MP to press minister for electrification of Shrewsbury to Wolverhampton railway line

Shropshire's political leaders are to meet transport minister Chris Heaton-Harris to lobby for the electrification of a major rail line through the county.

At the moment only diesel trains can use the Shrewsbury-Wolverhampton line
At the moment only diesel trains can use the Shrewsbury-Wolverhampton line

Shrewsbury MP Daniel Kawczynski has secured a meeting with the minister to make the case for the electrification of the railway line between Shrewsbury and Wolverhampton.

Earlier this month Network Rail, the state-owned company which manages Britain's railway lines, called for the route to be upgraded.

Shropshire Council's cabinet minister for transport, Councillor Steve Davenport, will also attend the meeting.

Mr Kawczynski said he would also be meeting officials from Network Rail in order to keep pressure on the Government.

"Network Rail has identified this stretch of the line as needing prioritisation in getting electrification," he said.

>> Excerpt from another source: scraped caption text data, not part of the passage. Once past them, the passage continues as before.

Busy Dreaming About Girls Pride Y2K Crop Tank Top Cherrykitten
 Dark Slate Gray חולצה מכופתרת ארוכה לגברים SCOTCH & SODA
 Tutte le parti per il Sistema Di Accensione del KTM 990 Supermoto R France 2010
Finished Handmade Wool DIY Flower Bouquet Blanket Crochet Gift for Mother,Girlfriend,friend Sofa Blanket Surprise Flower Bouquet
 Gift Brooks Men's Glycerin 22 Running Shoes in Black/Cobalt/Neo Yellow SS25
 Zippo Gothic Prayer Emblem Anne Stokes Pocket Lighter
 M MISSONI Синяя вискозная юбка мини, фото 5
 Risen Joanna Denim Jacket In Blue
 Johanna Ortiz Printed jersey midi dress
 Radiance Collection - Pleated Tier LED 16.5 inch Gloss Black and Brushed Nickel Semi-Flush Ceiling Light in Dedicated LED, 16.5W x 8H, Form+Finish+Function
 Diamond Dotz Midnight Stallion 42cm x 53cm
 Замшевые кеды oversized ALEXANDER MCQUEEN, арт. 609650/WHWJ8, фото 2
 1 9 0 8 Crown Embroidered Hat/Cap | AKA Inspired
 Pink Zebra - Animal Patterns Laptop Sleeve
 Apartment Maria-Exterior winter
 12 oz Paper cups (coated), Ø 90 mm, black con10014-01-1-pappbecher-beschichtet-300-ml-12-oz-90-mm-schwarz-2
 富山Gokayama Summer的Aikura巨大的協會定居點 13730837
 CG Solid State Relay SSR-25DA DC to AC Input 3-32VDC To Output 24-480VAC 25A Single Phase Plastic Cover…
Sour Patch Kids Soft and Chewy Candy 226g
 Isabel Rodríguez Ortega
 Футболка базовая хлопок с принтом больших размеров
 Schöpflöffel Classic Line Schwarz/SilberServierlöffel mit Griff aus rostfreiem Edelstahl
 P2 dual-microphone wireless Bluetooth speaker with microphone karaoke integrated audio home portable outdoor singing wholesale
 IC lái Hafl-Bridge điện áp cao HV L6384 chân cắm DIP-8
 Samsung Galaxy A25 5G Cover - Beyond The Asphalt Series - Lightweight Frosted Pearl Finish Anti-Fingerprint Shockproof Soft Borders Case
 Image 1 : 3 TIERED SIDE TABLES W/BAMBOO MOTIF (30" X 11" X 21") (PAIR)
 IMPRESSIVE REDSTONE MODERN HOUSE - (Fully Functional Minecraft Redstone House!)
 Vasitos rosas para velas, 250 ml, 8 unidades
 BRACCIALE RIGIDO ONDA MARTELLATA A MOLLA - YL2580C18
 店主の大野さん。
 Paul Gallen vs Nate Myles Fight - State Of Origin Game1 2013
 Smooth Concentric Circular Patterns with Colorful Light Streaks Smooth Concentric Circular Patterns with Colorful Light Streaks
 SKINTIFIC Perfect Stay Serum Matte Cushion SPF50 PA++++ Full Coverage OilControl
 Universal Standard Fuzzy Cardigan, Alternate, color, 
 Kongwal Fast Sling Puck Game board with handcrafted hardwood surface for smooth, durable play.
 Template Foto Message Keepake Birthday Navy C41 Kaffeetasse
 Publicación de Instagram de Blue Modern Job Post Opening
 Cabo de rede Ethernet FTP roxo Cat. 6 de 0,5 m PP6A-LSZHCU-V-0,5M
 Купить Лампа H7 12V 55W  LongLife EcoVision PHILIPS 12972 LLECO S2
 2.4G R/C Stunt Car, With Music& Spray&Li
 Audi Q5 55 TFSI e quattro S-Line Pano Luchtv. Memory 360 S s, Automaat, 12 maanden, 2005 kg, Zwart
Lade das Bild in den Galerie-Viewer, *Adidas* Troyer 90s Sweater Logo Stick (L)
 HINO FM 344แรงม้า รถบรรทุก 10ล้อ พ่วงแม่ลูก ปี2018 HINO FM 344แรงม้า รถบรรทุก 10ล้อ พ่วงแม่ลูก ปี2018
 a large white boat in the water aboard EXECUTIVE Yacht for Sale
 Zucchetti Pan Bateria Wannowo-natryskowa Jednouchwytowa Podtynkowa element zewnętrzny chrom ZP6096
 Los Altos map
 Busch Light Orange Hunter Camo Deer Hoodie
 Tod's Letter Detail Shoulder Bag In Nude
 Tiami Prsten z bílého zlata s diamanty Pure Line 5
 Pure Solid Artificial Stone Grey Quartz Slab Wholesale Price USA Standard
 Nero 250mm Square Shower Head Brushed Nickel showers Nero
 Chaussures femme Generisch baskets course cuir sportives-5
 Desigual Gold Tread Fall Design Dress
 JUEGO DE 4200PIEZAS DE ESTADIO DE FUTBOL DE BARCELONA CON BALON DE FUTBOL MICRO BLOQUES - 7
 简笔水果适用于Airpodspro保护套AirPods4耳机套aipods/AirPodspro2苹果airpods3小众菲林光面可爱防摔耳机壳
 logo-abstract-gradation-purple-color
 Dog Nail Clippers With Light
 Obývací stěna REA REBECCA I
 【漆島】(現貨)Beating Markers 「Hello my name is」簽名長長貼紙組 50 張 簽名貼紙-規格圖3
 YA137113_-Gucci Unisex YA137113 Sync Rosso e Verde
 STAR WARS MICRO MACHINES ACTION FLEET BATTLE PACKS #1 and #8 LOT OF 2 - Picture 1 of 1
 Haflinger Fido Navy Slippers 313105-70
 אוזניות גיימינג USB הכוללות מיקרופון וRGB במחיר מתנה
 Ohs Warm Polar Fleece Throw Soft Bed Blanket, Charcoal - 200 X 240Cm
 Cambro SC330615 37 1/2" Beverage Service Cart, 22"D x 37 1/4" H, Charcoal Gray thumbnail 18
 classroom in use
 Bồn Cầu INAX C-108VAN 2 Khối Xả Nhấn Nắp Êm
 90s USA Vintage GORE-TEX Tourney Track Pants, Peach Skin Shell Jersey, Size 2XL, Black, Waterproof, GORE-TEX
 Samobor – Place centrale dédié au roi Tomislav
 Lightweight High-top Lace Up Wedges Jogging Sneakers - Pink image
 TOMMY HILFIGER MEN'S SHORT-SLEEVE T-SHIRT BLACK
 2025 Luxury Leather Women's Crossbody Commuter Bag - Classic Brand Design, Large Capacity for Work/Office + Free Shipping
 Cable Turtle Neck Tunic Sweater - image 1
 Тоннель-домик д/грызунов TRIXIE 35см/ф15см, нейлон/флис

Mr Kawczynski said that as well as the obvious environmental benefits of having emission-free trains along the route, he said electrification would also boost the county's economy.

"At the moment, if you take the direct to train to London, it has to change engines at Birmingham because the line is not electrified," he says.

"There are clearly benefits of getting the latest rolling stock into Shrewsbury, and increasing the number of trains coming along the line."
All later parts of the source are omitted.